▶ _ABOUT THIS TASK_:
Please, without any pictures, transcribe the lines from the one holding "1G2ZF58B474154596 - 2007" to the end of the listing, both ends included.

▶ _RECORDED DATA_:
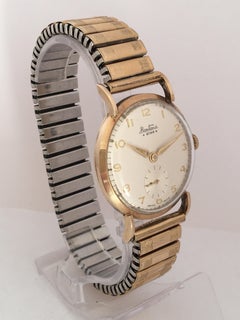 9 Karat Gold Vintage 1960s Bentima Star Mechanical Watch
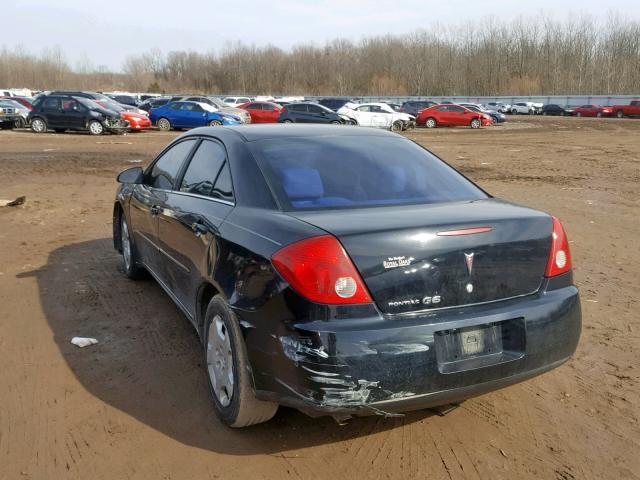 1G2ZF58B474154596 - 2007 PONTIAC G6 VALUE L BLACK photo 3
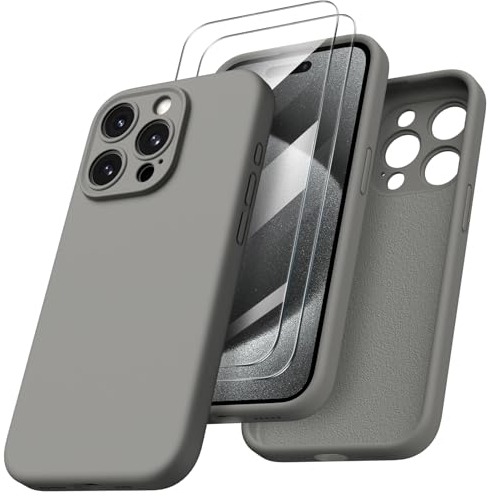 ORNARTO für iPhone 15 Pro Hülle mit Kameraschutz und 2 Schutzfolien, flüssigem Silikon Handyhülle iPhone 15 Pro 6.1 Zoll, stoßfeste iPhone 15 Pro Schutzhülle mit Mikrofaser - Grau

▶ _TASK RESPONSE_:
 1G2ZF58B474154596 - 2007 PONTIAC G6 VALUE L BLACK photo 3
 ORNARTO für iPhone 15 Pro Hülle mit Kameraschutz und 2 Schutzfolien, flüssigem Silikon Handyhülle iPhone 15 Pro 6.1 Zoll, stoßfeste iPhone 15 Pro Schutzhülle mit Mikrofaser - Grau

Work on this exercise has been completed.